In the meantime, Dr. Phillips said the IDB was concerned about Jamaica’s fiscal and debt situation as at December 31, 2011.
He noted that the government has sought to assure the IDB management and some members of the Board of the IDB of the need for the new administration to be given the opportunity to set out its policy approach, which includes a new programme with the IMF.
The Finance Minister also informed that for its part the World Bank has acknowledged the need for Jamaica to reach an agreement with the IMF and reiterated its commitment to providing technical assistance in areas such as pension reform, social protection programmes and Information and Communication Technologies development.
He also noted that the most significant obstacle in the discussions with the Washington-based institutions was the “loss of credibility” that the country is facing due to the failure of the previous administration to carry through the commitments made under the IMF Standby Agreement.
In his remarks, Opposition Spokesperson on Finance, Audley Shaw denied that there has been a break down and a loss of credibility with the multilateral institutions due to the failure of the previous administration to carry through commitments made under the IMF Standby Agreement.

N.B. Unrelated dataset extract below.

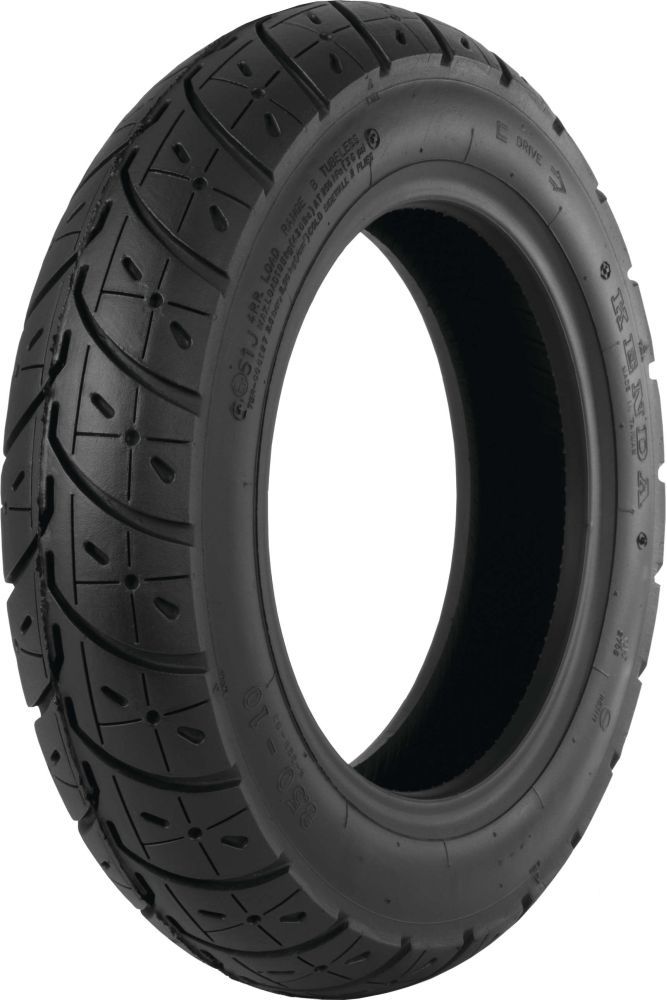 Load image into Gallery viewer, Kenda K329 Scooter Front/Rear Bias Tire (4 Ply) [90/90-10] 043291008B1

He also queried when process to undertake tax reform will be completed as well as the sale of Clarendon Alumina Partners (CAP).
In his response Dr. Phillips said in relation to the Standby Agreement that had been entered into there were two reviews that were successfully completed.
“There were six reviews to be done, the others were not successfully completed and by the end of the programme there had been no discussions surrounding the programme for close to eight months. I am not trying to blame (the previous administration) I am just simply stating a matter of fact. I am saying that Jamaica has to do much to restore its credibility with the multilaterals and generally in the market place in relation to the agreements entered into and not concluded,” Dr. Phillips said.
In relation to the tax reform, the Minister said he hopes to have the policy document prepared before the finalisation of the 2012/13 budget.
“This means that the committee on tax measures that is meeting right now will not have an extended period for further public discussions. We will have to hear the groups presenting those submissions and then we would have to prepare a report from the committee and hopefully get the concurrence of the House,” Dr. Phillips said.
In relation to CAP Dr. Phillips said the government has had discussions with Alcoa and the prospective purchasers.
“We are still pursuing the discussions. Alcoa was here last week, Glencore was here earlier and I expect them to come again. So those discussions are proceeding but again I cannot give you at this point a timetable because of when that will come to conclusion,” the Finance Minister said.